Эти структурные различия между обеими группами интегринов альфа-подъединицы коррелируют с различием в участке распознавания доменов функций, так как содержащие RGD пептиды будут блокировать связывание FNR и gpIIb/IIIa со своими соответствующими лигандами (Ruoslahti, E. et al. Science 238:491-497 (1987)), в то время как пептид RG DS не будет ингибировать взаимодействие LFA-I с ICAM-1. Вопреки лигандам интегринов ЕСМ, сам ICAM-1 не имеет последовательности пептида RGD и является членом подсемейства гена иммуноглобулина. Как структурные, так и функциональные данные свидетельствуют о том, что подсемейство интегрина может быть разделено на два подсемейства альфа-подъединиц. Эти структурные и функциональные свойства альфа-подъединиц, ассоциированные с β2 однако не могут быть уникальными для их подсемейства, так как несколько других альфа-подъединиц интегрина могут иметь структурные характеристики, подобные семье LFA-I, такие как отсутствие протеолитического расщепления (Charo, I. F. et al. Proc. Natl. Acad. Sci. (USA) 83:8351-8355 (1986)).

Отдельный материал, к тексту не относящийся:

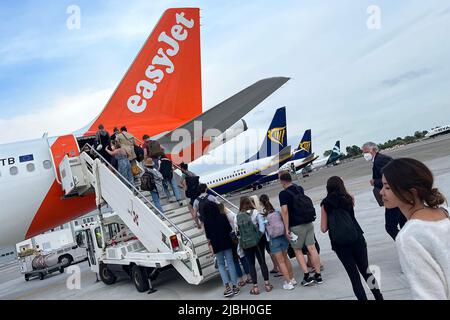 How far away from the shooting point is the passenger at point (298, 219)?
244 inches

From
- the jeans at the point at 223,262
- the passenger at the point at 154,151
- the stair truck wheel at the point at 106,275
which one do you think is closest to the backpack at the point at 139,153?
the passenger at the point at 154,151

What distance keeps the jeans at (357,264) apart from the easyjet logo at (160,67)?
373 inches

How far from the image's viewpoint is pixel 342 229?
4832 millimetres

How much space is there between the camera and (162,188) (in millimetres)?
9516

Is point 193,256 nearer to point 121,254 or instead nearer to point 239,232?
point 239,232

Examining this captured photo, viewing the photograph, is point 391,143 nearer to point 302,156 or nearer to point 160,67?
point 302,156

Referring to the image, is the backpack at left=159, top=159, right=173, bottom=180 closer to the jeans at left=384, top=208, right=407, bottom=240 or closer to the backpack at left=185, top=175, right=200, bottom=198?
the backpack at left=185, top=175, right=200, bottom=198

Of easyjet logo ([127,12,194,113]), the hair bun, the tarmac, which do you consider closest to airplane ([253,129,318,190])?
easyjet logo ([127,12,194,113])

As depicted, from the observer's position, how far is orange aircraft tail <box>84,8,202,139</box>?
12617 mm

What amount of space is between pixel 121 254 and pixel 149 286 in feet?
3.52

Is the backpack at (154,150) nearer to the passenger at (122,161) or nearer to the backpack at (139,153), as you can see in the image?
the backpack at (139,153)

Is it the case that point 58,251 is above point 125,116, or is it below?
below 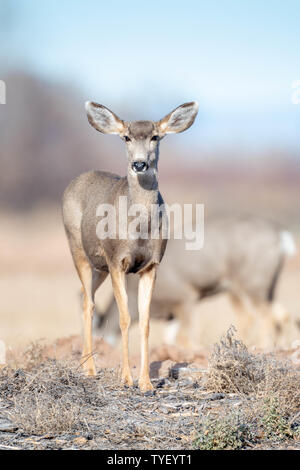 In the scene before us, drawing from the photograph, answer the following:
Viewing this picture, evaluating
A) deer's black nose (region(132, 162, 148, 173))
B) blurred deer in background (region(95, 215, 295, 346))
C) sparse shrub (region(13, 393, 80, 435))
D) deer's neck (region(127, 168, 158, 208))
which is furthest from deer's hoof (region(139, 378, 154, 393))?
blurred deer in background (region(95, 215, 295, 346))

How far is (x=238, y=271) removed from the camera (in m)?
16.1

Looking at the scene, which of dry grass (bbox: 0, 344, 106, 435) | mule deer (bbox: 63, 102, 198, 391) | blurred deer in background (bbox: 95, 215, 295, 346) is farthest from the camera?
blurred deer in background (bbox: 95, 215, 295, 346)

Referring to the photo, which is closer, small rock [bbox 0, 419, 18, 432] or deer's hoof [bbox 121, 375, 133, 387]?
small rock [bbox 0, 419, 18, 432]

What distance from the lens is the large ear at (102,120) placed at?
8891 mm

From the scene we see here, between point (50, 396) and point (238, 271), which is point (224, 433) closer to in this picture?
point (50, 396)

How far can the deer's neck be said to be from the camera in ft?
28.2

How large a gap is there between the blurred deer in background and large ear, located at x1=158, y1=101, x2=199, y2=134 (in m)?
7.36

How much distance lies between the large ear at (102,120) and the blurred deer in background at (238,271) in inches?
297

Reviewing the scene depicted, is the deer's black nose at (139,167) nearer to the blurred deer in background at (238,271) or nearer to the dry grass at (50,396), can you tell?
the dry grass at (50,396)

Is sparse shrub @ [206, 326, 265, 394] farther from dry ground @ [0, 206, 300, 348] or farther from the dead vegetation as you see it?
dry ground @ [0, 206, 300, 348]

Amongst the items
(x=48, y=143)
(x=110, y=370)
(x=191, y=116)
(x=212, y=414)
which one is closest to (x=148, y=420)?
(x=212, y=414)

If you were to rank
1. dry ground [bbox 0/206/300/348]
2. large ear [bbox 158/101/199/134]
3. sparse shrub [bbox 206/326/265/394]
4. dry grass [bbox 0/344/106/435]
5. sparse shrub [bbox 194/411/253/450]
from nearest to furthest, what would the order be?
sparse shrub [bbox 194/411/253/450], dry grass [bbox 0/344/106/435], sparse shrub [bbox 206/326/265/394], large ear [bbox 158/101/199/134], dry ground [bbox 0/206/300/348] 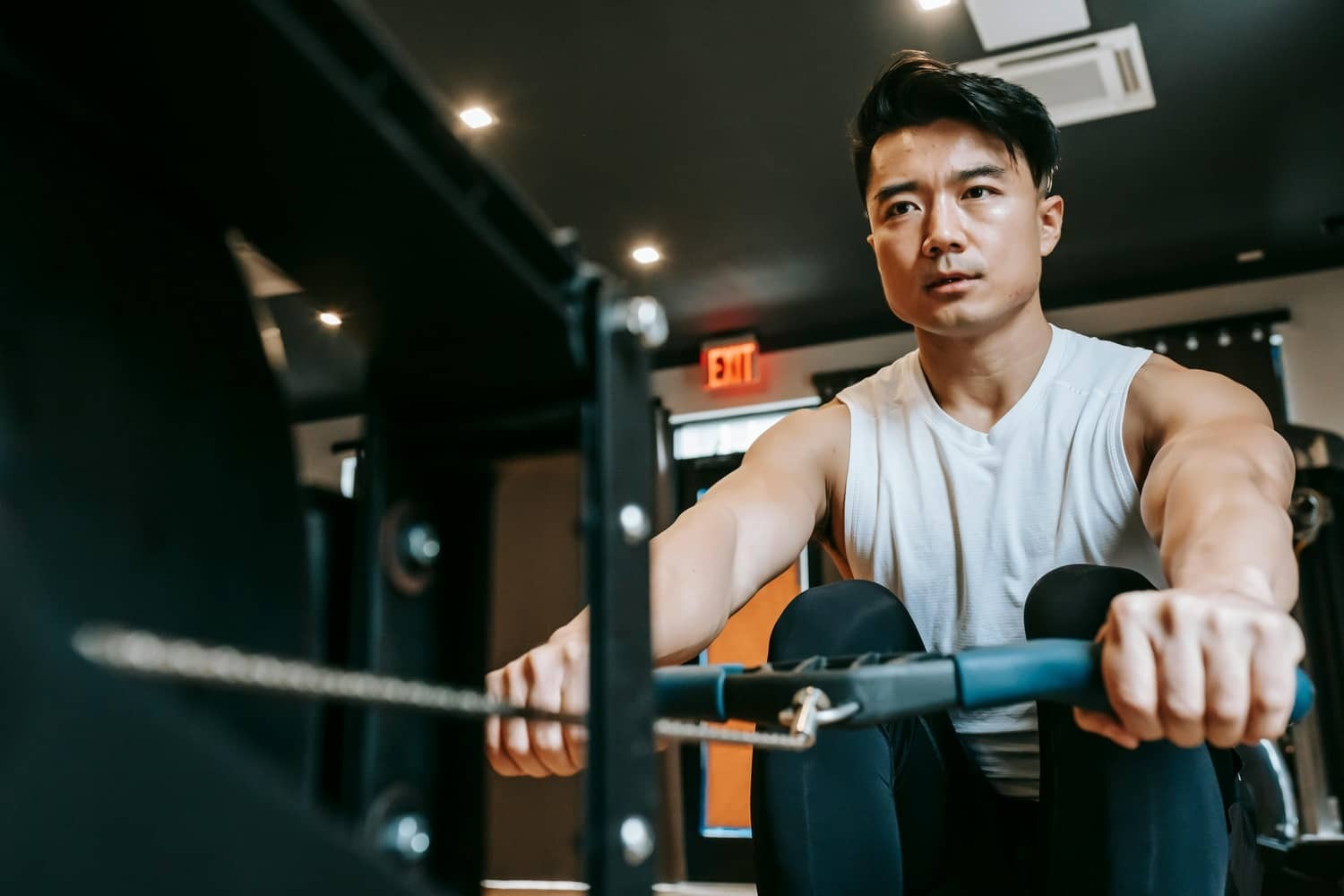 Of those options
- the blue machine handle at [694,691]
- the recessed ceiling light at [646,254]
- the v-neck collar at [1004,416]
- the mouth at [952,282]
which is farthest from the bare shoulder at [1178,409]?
the recessed ceiling light at [646,254]

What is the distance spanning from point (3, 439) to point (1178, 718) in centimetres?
52

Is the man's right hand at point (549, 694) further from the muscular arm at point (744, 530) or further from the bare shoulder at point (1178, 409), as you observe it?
the bare shoulder at point (1178, 409)

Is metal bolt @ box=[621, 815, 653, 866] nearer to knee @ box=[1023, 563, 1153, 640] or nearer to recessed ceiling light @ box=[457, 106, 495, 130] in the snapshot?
knee @ box=[1023, 563, 1153, 640]

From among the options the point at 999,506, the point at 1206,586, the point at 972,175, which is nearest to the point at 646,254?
the point at 972,175

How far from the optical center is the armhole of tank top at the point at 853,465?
4.08 ft

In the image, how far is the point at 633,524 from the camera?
0.37 meters

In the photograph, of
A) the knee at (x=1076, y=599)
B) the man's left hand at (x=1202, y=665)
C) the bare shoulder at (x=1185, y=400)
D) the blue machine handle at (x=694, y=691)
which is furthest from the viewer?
the bare shoulder at (x=1185, y=400)

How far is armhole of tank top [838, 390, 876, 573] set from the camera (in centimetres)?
124

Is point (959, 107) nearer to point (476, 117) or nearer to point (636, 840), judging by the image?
point (636, 840)

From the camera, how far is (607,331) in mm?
375

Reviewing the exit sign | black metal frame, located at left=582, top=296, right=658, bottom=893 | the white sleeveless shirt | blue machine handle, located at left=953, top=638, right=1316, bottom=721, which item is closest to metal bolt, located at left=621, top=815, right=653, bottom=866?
black metal frame, located at left=582, top=296, right=658, bottom=893

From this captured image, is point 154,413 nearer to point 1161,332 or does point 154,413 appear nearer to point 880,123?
point 880,123

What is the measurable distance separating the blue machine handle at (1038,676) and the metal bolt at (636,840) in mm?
261

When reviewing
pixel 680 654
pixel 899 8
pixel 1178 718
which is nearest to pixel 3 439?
pixel 1178 718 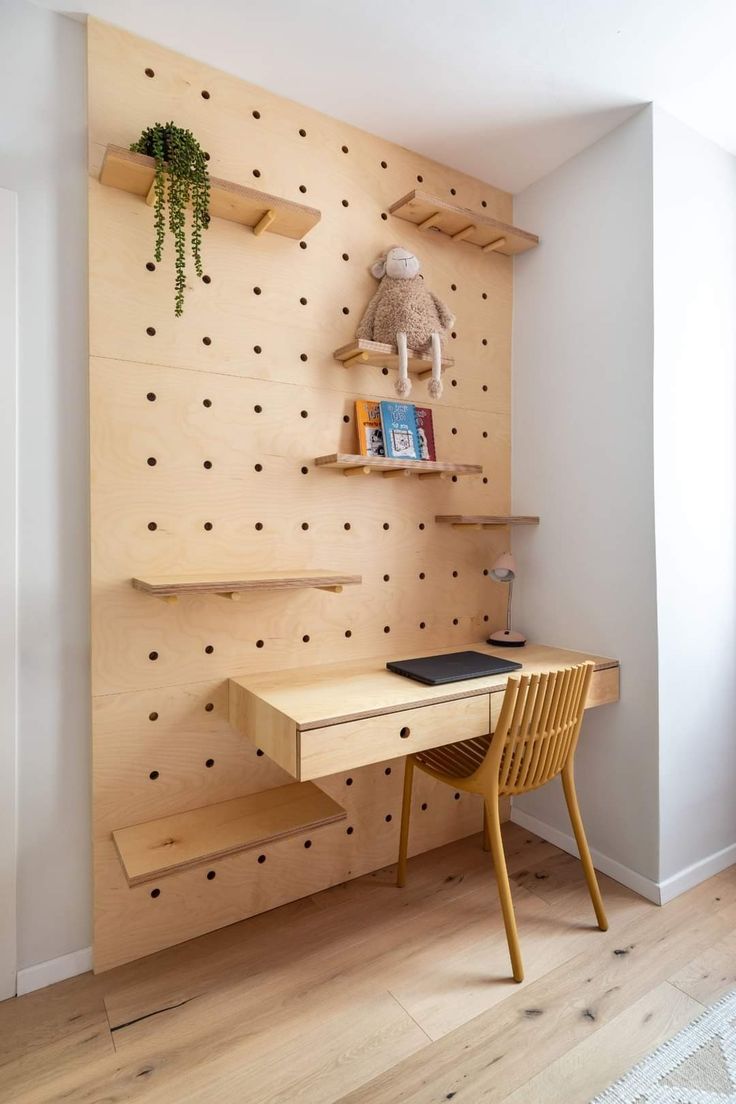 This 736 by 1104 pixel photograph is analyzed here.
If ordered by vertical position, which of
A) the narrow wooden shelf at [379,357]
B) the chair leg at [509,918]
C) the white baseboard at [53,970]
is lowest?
the white baseboard at [53,970]

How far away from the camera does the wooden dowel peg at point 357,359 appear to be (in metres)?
2.07

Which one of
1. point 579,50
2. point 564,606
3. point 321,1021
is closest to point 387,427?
point 564,606

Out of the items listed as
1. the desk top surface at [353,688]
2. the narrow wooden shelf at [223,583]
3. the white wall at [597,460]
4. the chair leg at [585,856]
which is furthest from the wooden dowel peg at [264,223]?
the chair leg at [585,856]

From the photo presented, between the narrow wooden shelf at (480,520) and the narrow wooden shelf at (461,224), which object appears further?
the narrow wooden shelf at (480,520)

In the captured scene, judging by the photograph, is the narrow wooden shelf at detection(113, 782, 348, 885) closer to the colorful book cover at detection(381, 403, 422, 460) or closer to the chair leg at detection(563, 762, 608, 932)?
the chair leg at detection(563, 762, 608, 932)

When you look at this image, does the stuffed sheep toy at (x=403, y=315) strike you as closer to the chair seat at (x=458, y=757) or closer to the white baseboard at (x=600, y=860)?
the chair seat at (x=458, y=757)

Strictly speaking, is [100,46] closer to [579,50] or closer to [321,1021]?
[579,50]

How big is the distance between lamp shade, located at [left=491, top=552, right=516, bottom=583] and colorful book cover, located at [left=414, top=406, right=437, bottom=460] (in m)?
0.49

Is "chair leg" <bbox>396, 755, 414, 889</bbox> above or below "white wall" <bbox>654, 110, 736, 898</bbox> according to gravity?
below

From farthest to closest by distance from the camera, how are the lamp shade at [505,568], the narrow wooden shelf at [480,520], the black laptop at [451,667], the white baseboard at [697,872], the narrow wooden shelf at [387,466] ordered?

Выяснение структуры альфа-подъединицы обнаружило новое эволюционное взаимоотношение среди альфа-подъединиц интегрина и подсказало возможный функциональный домен, а также продемонстрировало, что альфа-подъединица LFA-I принадлежит к надсемейству интегрина, но обладает добавочным доменом. Этот домен L имеет функциональное значение. Так как участок распознавания LFA-I не является RGD, домен L может быть с функциональной значимостью в альфа-подъединице LFA-I, также как и других интегринах лейкоцита, Mас-I и р150,95. Однако, так как LFA-I вовлечен в значительное число функций лейкоцита и может иметь больше одного лиганда (Rothlein, R. et al. J. Immunol. 137:1270-1274 (1986)), возможно, что более одного функционального домена существует в альфа-подъединице LFA-I.
Формула изобретения: СПОСОБ КЛОНИРОВАНИЯ ФРАГМЕНТА ДНК, КОДИРУЮЩЕГО α СУБЪЕДИНИЦУ РЕЦЕПТОРА АДГЕЗИИ ЛЕЙКОЦИТА L FA 1, заключающийся в том, что lgt 10 библиотеку кДНК, полученную из клеток HLBO, индуцированных комплексом форбола и миристиновой кислоты, подвергают скринингу с использованием в качестве зонда 32-мерного олигонуклеотида 5ʹ-GGG ATGTTGTGG TCA TGG AT GGTGGG CTC AAT = 3ʹ, выделяют клон, гибридизирующийся с олигонуклеотидом, получают EcoRI-фрагмент размером 1,0 кв выделенного клона, библиотеку кДНК подвергают повторному скринингу с помощью того же зонда и выделяют клон, содержащий дополнительный 5ʹ -фрагмент размером 1,0 кв.